Ketua PGRI Luwu Utara, Ismaruddin, menyayangkan keputusan pemecatan tersebut. Ia menilai semestinya Gubernur Sulsel lebih bijak dan memberikan pembinaan, bukan memecat. PGRI bersama kedua guru berencana mengajukan grasi kepada Presiden Prabowo agar Rasnal dan Abdul Muis mendapatkan pengampunan dan dipulihkan haknya sebagai ASN.
Supri Balantja, mantan anggota Komite SMAN 1 Luwu Utara, menegaskan bahwa patungan Rp 20 ribu dilakukan atas kesepakatan orang tua, tanpa paksaan. Ia menyebut kasus ini sebagai bentuk kegagalan negara membiayai pendidikan hingga guru honorer tidak mendapat haknya dan akhirnya para guru justru dipidana.
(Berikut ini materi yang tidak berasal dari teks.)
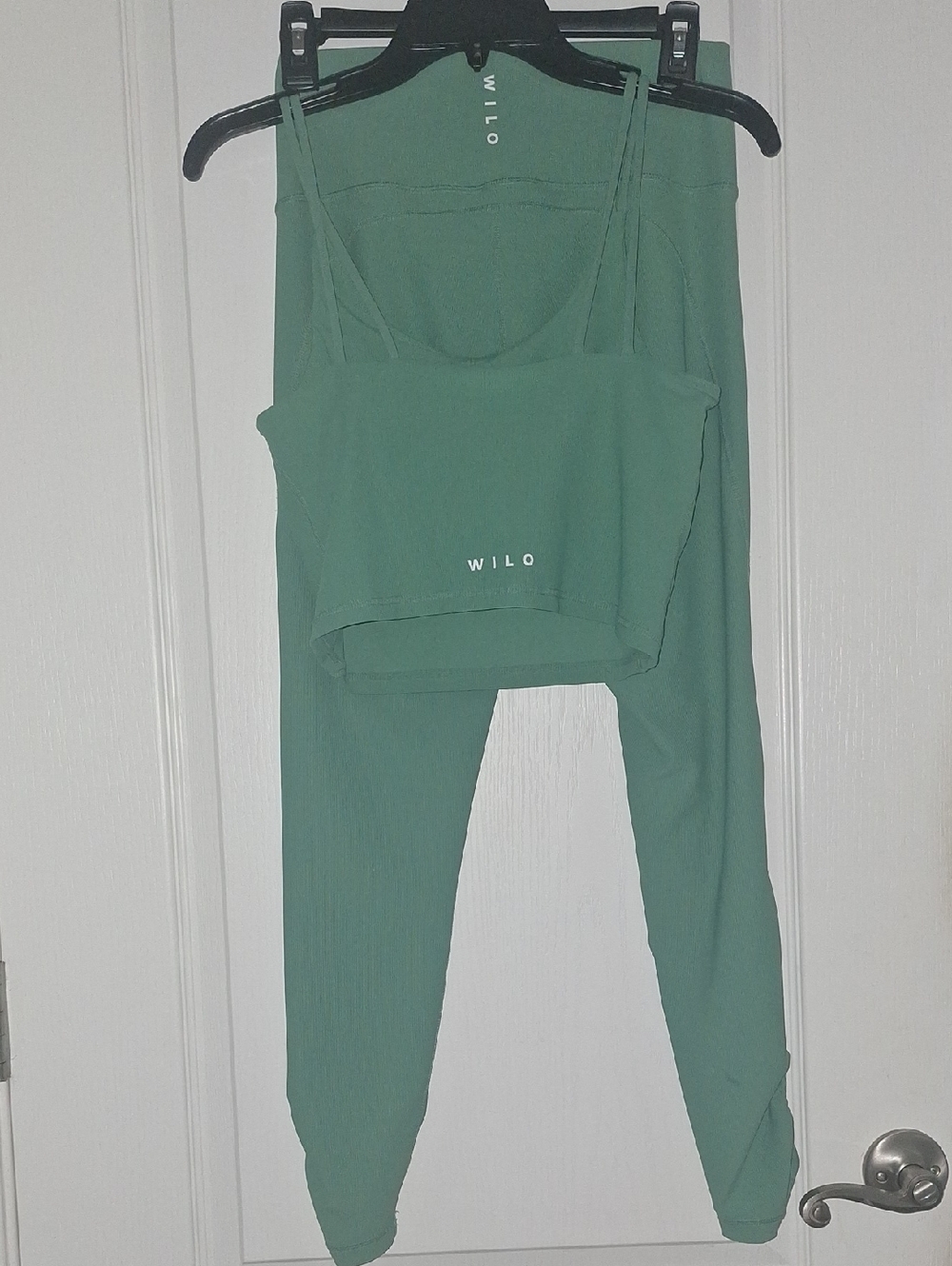 WILLO Sage Green Active Set - Sz Large Crop Tank & High-Waist Leggings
Sementara itu, Pemprov Sulsel menyatakan pemecatan tersebut adalah tindak lanjut dari putusan hukum yang sudah inkrah. Kepala Dinas Pendidikan Provinsi Sulawesi Selatan, Iqbal Nadjamuddin, menegaskan bahwa PTDH dilakukan karena aturan ASN mengatur pemberhentian bagi ASN yang terlibat pidana dan putusannya telah berkekuatan hukum tetap.